Exercise data –
────────────────

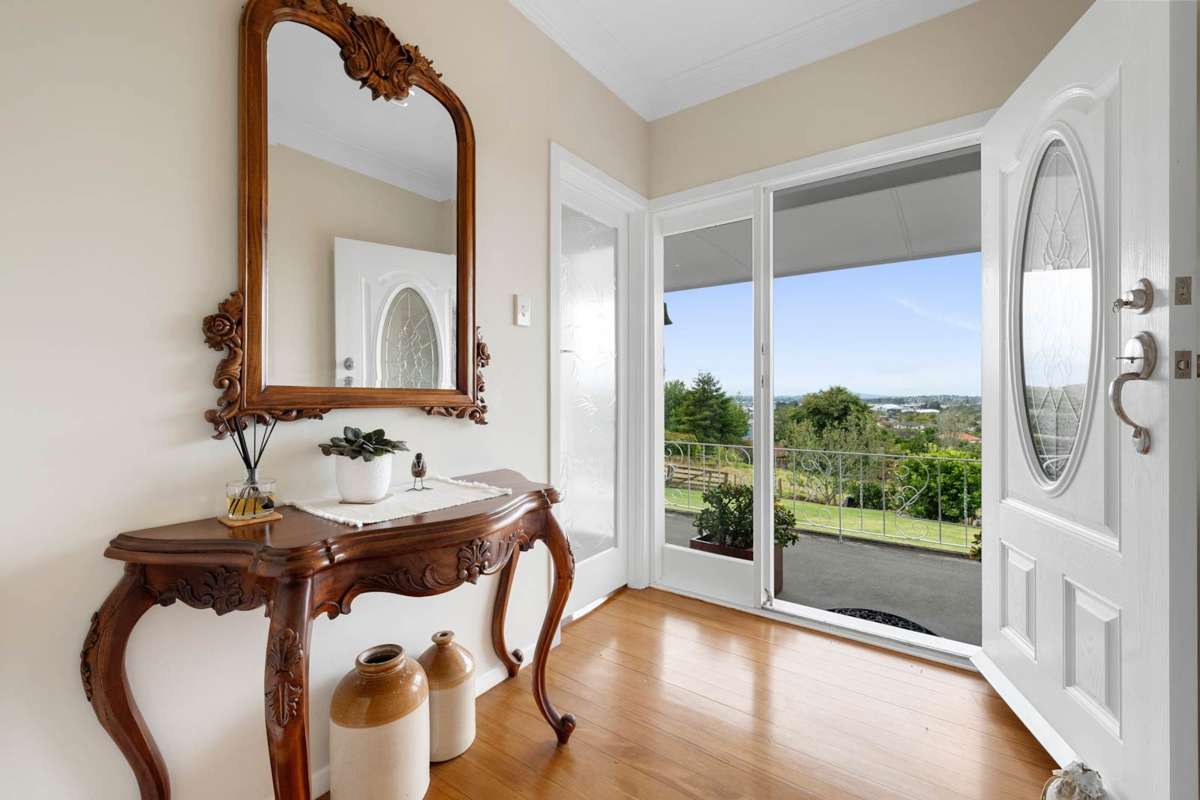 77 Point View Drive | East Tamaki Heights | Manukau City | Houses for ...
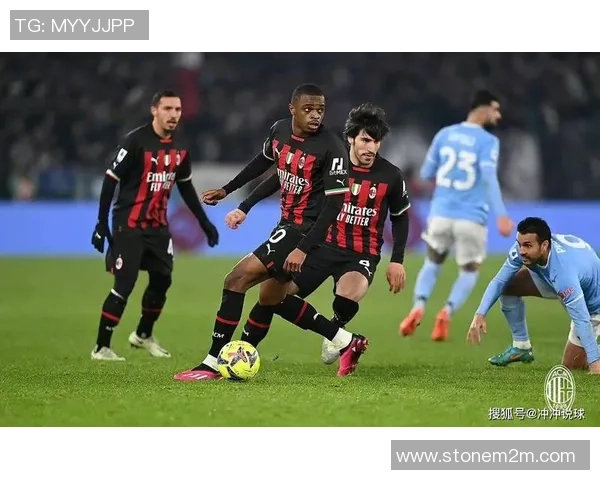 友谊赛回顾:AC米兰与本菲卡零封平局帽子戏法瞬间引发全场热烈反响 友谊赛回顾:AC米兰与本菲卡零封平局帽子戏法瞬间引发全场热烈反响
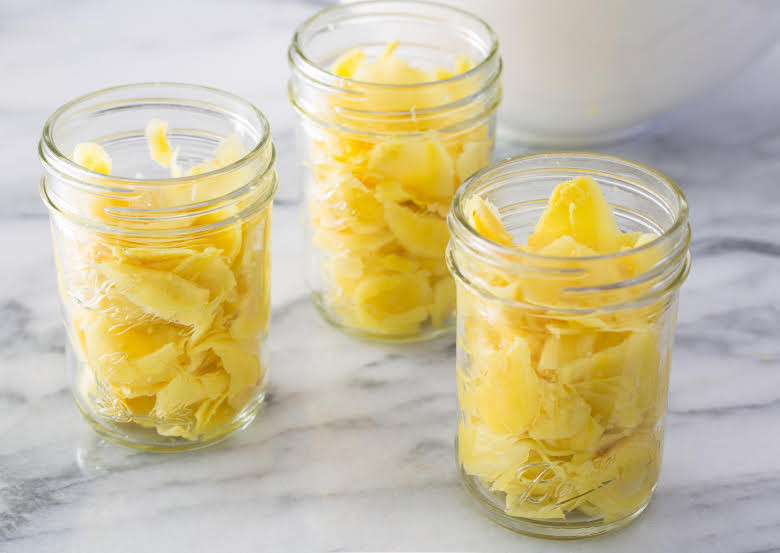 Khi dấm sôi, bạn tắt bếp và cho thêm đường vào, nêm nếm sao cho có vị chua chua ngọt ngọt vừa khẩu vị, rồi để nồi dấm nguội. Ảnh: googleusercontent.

────────────────

What is required –
Return the listing above in full and without alteration, excluding its pictures.

Response to this task –
 77 Point View Drive | East Tamaki Heights | Manukau City | Houses for ...
 友谊赛回顾:AC米兰与本菲卡零封平局帽子戏法瞬间引发全场热烈反响 友谊赛回顾:AC米兰与本菲卡零封平局帽子戏法瞬间引发全场热烈反响
 Khi dấm sôi, bạn tắt bếp và cho thêm đường vào, nêm nếm sao cho có vị chua chua ngọt ngọt vừa khẩu vị, rồi để nồi dấm nguội. Ảnh: googleusercontent.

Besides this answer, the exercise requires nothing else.